The Falcon at the Portal - Elizabeth Peters [124]
“If that isn’t just like Emerson,” Cyrus exclaimed. “Tell him there’s a rattlesnake in the bushes and he goes straight for it. I guess maybe I’d better get along over there and sit on a rock with a rifle. Cat, my dear, you going with Amelia?”
“I would love to. It will be delightful buying things for a child again. How old is she, Amelia?”
“We will discuss details on the way,” I said, finishing my coffee. “We will lunch in Cairo, I think; it is later than I had realized. You will both dine with us this evening? We have much to talk about.”
“We sure do,” Cyrus muttered. “I’ll just get my coat and be on my way.”
“And I will get my hat and handbag,” said Katherine. She fixed her steady, compassionate green eyes on my face. “Amelia—”
“Later, Katherine. You and I have much to talk about too.”

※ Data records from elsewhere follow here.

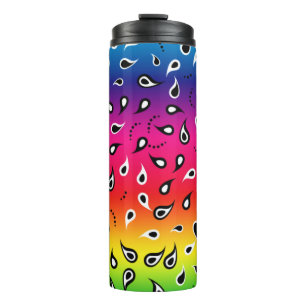 Paisley Rainbow Thermosbecher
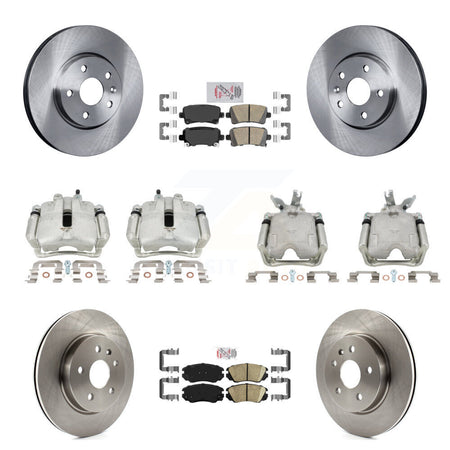 Front Rear Disc Brake Caliper Rotors And Ceramic Pads Kit (10Pc) For Chevrolet Malibu KC8-103264N
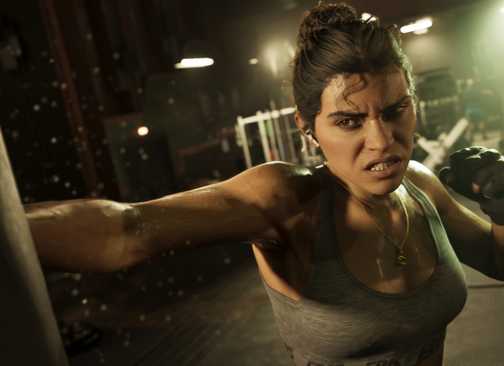 Lucia boxing in Grand Theft Auto 6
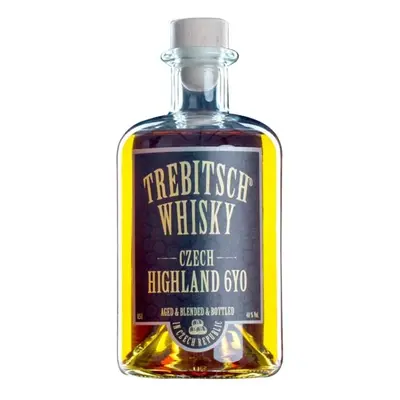 Trebitsch Whisky TREBITSCH CZECH HIGHLAND 6 YO BLENDED WHISKY 40% 0.5l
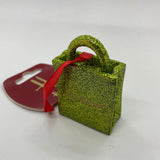 Harrods Green Glitter Shopper Bag...حقيبة تسوق هارودز الخضراء اللامعة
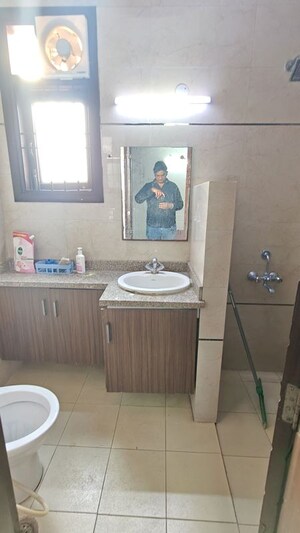 Bathroom in 2 BHK Builder Floor at Malviya Nagar – for Rent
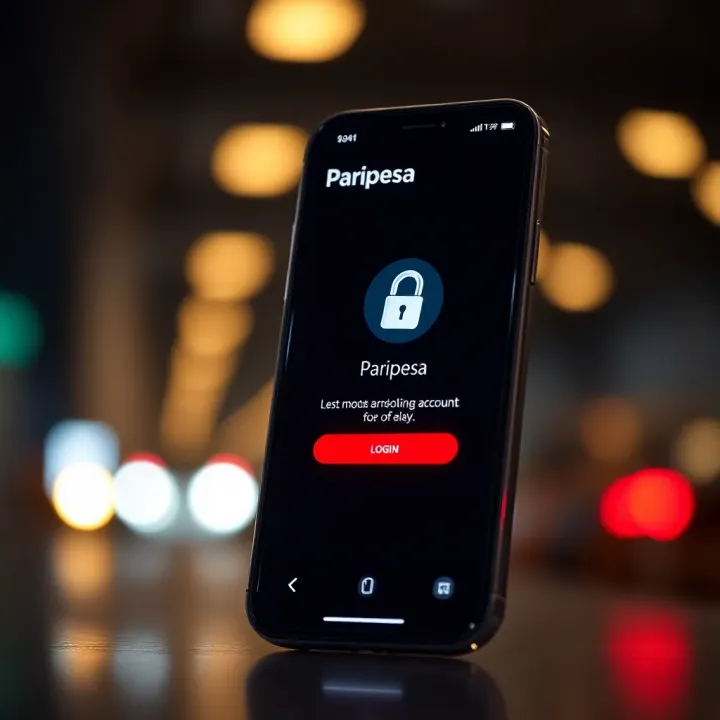 Paripesa Mobile Secure Login Interface Secure mobile login interface for Paripesa account protection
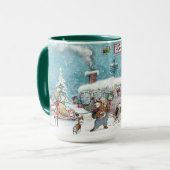 Tasse zum Weihnachtsfest im Nordpol (Vorderseite Links)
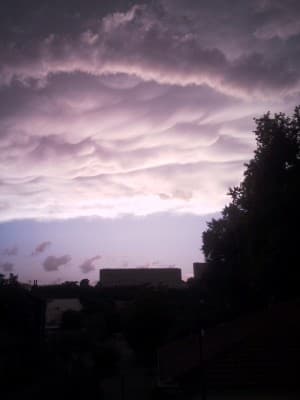 Nuage très menaçant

Men are very well in their way, and even more useful than women in other ways; but they are simply incapable of comprehending certain things. The long ride into Cairo gave me a chance to converse privately with a woman on whose intelligent advice I relied. I had not realized how desperately I yearned to confide in a friend. By the time we reached the Muski I was hoarse from talking.
“I do apologize, Katherine,” I remarked in some embarrassment. “I had not meant to say so much.”
“You could pay me no higher compliment, Amelia. You are my dearest friend; I owe my happiness to you. I only wish I could do more to help. It is hard to see one’s children in trouble and be unable to relieve them.”
“They are not children; they are young men and women, and must solve their own problems. I deplore Ramses’s unfortunate habit of reticence; he has always been like that and probably always will be; but just between you and me, Katherine, I am very proud of him. It is Nefret with whom I am vexed at the moment. Really, life was much simpler when I had only murderers and thieves to deal with.”
Men may jeer, and they do, but shopping does have a salutary effect. I had never bought clothing for a little girl; Nefret had been thirteen when she came to us. It proved to be unexpectedly pleasurable. Katherine gently intervened once or twice, pointing out the impracticality of the garment I was considering, and mentioning certain practical items that had not occurred to me. We were loaded with parcels when we returned to the cab, and I had ordered a number of articles to be sent on.
We took luncheon at Shepheard’s. Katherine saw my eyes wandering. “You are looking for Nefret, aren’t you?”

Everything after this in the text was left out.